Bronwyn sighed. “What are you afraid of seeing Patrick?”
He pressed on as though he hadn’t heard her. “Did you know you were pregnant?”
“I did not, and keep your voice down,” she added. “Look, Patrick. I was in love with Ari. And, yes, the fact that I’ve never known my father probably had something to do with it. His money did not.”
Patrick had gone white. But he didn’t reply angrily, didn’t seem to feel anger, not now. He seemed washed in some recollection.
Bronwyn focused on her Scrabble letters, trying to quiet her own anger.
Patrick studied her, but didn’t see her. He saw the past, saw himself, a carefree university student, caught in the romance of other ages, thrilled by learning. That world seemed rich and many-layered to him. His parents had been stockbrokers till their deaths, and he’d thought their world paralyzingly dull.

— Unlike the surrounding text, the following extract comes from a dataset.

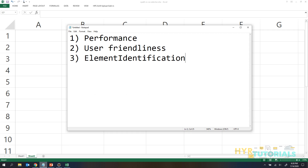The third point is element identification — how easily and effectively you can identify the element. In XPath, you can entirely traverse the DOM in any direction. But in CSS selector, you can only go in the forward direction — you cannot traverse backward. In XPath, you can go backward as well. So for example, if from a child element you want to identify the parent, XPath handles that easily, but CSS selector cannot do that.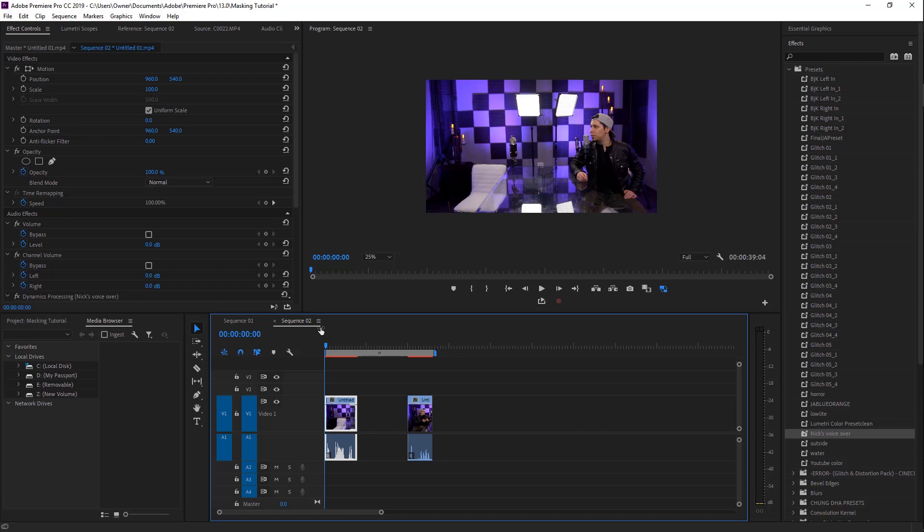All right guys, so we are in Adobe Premiere Pro right now and this is a really simple effect that you can do. The first thing you want to do is set up your tripod and do not touch it. Leave it alone, hit record, and don't stop recording until you're completely done.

But it wasn’t. Once he had entered this world, he’d found it exciting and satisfying. Once he’d begun, he’d realized that he found tremendous fulfillment working with money. It was a game to him, one he enjoyed, and he was damned good at it. He was not a gambler. He simply knew what worked and what didn’t.

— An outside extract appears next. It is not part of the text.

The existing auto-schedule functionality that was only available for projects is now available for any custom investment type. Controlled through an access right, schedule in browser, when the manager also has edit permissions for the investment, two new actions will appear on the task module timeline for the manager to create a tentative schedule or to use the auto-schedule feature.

He blushed as he recalled the things he’d said to Bronwyn. He’d become Megan’s guardian long before he’d imagined really having children of his own. And he’d been annoyed whenever his sister had shown interest in men he considered impractical.

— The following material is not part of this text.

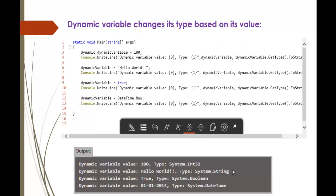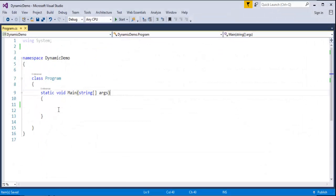The dynamic variable changes its type based on the value. Here I have created a variable called dynamic variable of dynamic type. What I am trying to show is: dynamic variable value is an integer, next I am assigning the value to Hello World, later true, and then current DateTime.Now. I am printing that variable value as well as getting the type of it. Let's jump into Visual Studio and start coding on that.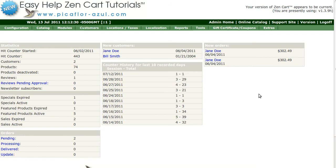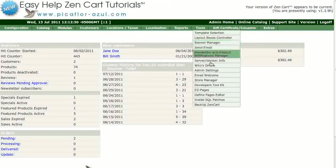Log into your ZenCart Admin. Go to Tools, then Install SQL Patches.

Bronwyn had never had a father to look after her interests that way, but she’d known how to look after her own. And instead of applauding her good sense, he’d spent the last decade thinking of her as a gold digger.
Because that had hurt less than thinking that she might love another man more than she’d loved him.
He didn’t bother to say he was sorry.
Sorry didn’t cover it. He was changed, changed by this conversation. No wonder she seemed to be putting, off telling Wesley who his father was. She probably thought he was simply insanely jealous. Or something worse.
No wonder other women hadn’t interested him over the past years. What other woman would have dared to speak to him so plainly? Only his sister, Megan, and even Megan was sometimes restrained by his being the older sibling.
No, only Bronwyn—and Louisa—had proven so willing to call a spade a spade.
He returned his thoughts to the game and finally settled by saying, “I hear you.”
He thought she glanced up at him, but he couldn’t meet her eyes.
He didn’t want to, because now when he saw those eyes, only one thing filled his mind. He was falling in love with Bronwyn Davies, falling in love again.